Methods: Fifteen female C57BL/6 mice were randomly divided into the Control group, dextran sodium sulfate (DSS)-induced colitis (DSS) group, and ICA treatment (DSS+ICA) group. The severity of inflammation in DSS-induced colitis mice was evaluated using disease activity scoring (considering weight-loss percentage, stool-shape change, and stool-bleeding scoring). Pathological changes of mice intestinal tract were evaluated using hematoxylin-eosin (HE) staining. Serum levels of TNF-α and IL-6 were detected with enzyme-linked immunosorbent assay. Expressions of p65 and p-p65 (p-p65/p65 ratio) were analyzed using Western blot assay. 16S rDNA sequencing was used to analyze the abundance and composition of intestinal microflora.

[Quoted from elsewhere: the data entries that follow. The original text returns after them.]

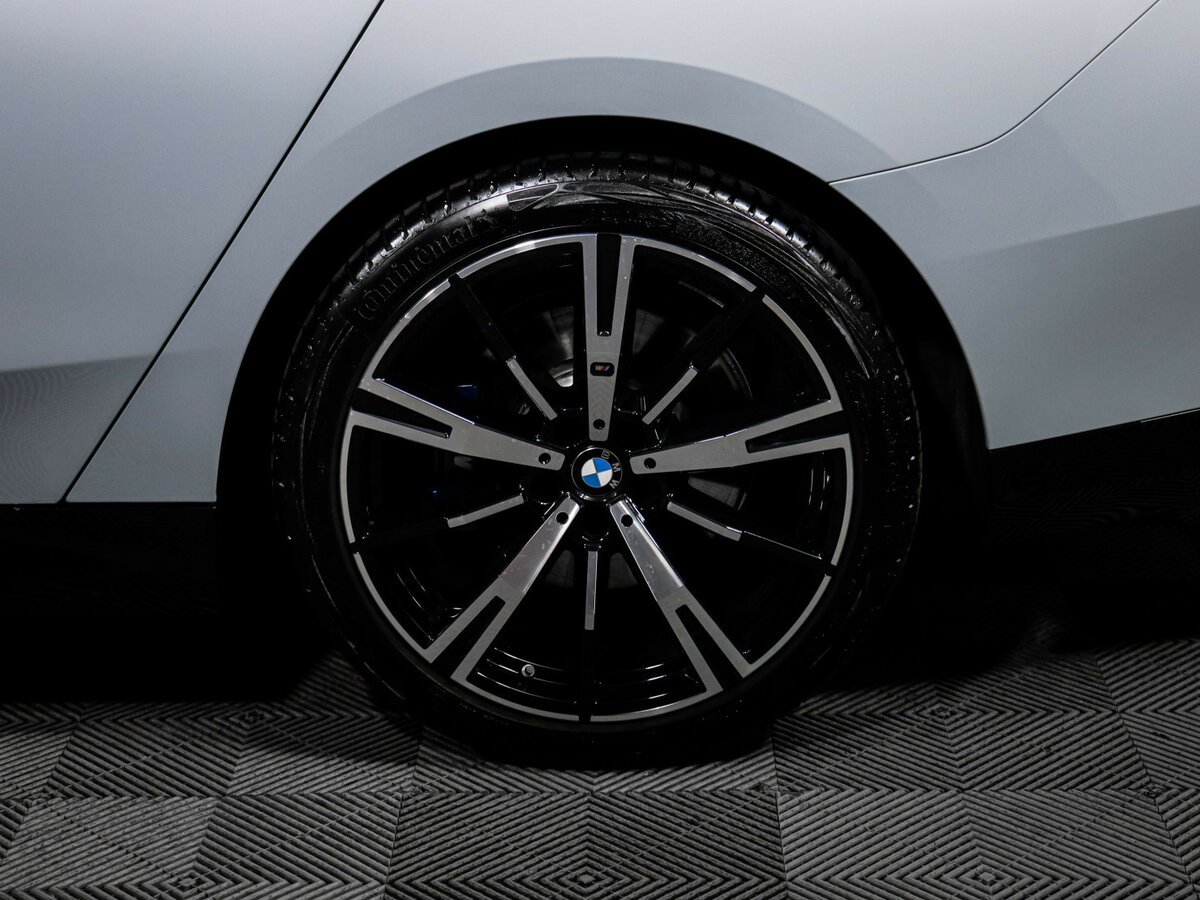 BMW 5 серии с пробегом — 2023 год. Фото: #14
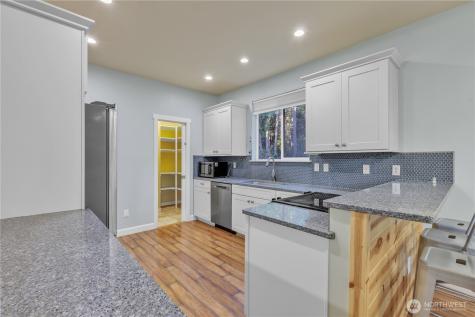 2507 Creviston Road SW Lakebay WA 98349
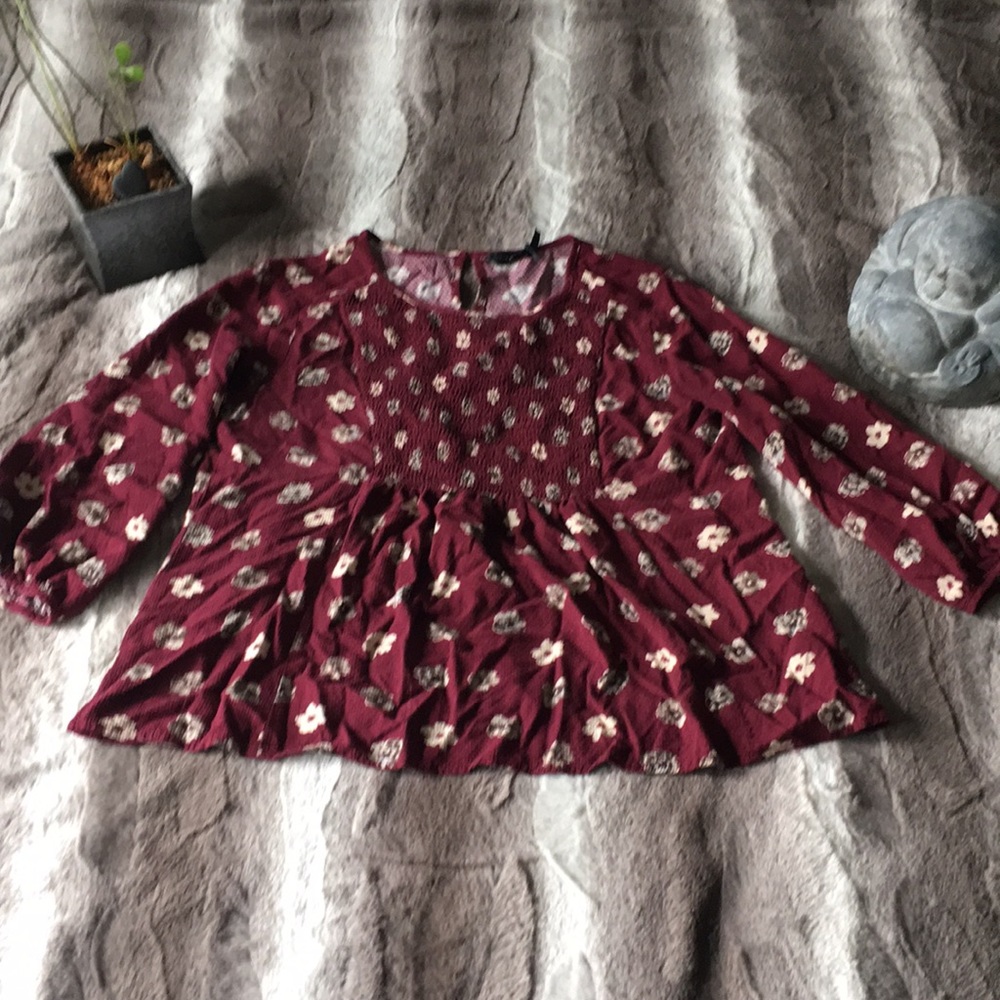 Floral Top - Picture 2 of 6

Results: Compared with DSS group, ICA significantly improved disease activity (P < .05) and reduced inflammatory damage of colon tissues (P < .05) in DSS-induced colitis mice. Compared with the DSS group, mice in the ICA group demonstrated significant weight and colon length (P < .05). ICA significantly inhibited expressions of IL-6 and TNF-α compared to the DSS group (P < .05). p-p65/ p65 ratio in the DSS + ICA group was remarkably enhanced compared to the DSS group (P < .05). ICA significantly reduced the proportion and activity of Bacteroides, Helicobacteraceae, Turicibacter, and significantly increased that of beneficial microflora (Lactobacillus, Lachnospiraceae, Akkermansia), so as improved damages of colon tissues.
Conclusion: ICA can improve intestinal flora abundance and composition of DSS-induced colitis mice, and inhibit tissue damage and inflammatory response through modulating the p-p65/p65 expression.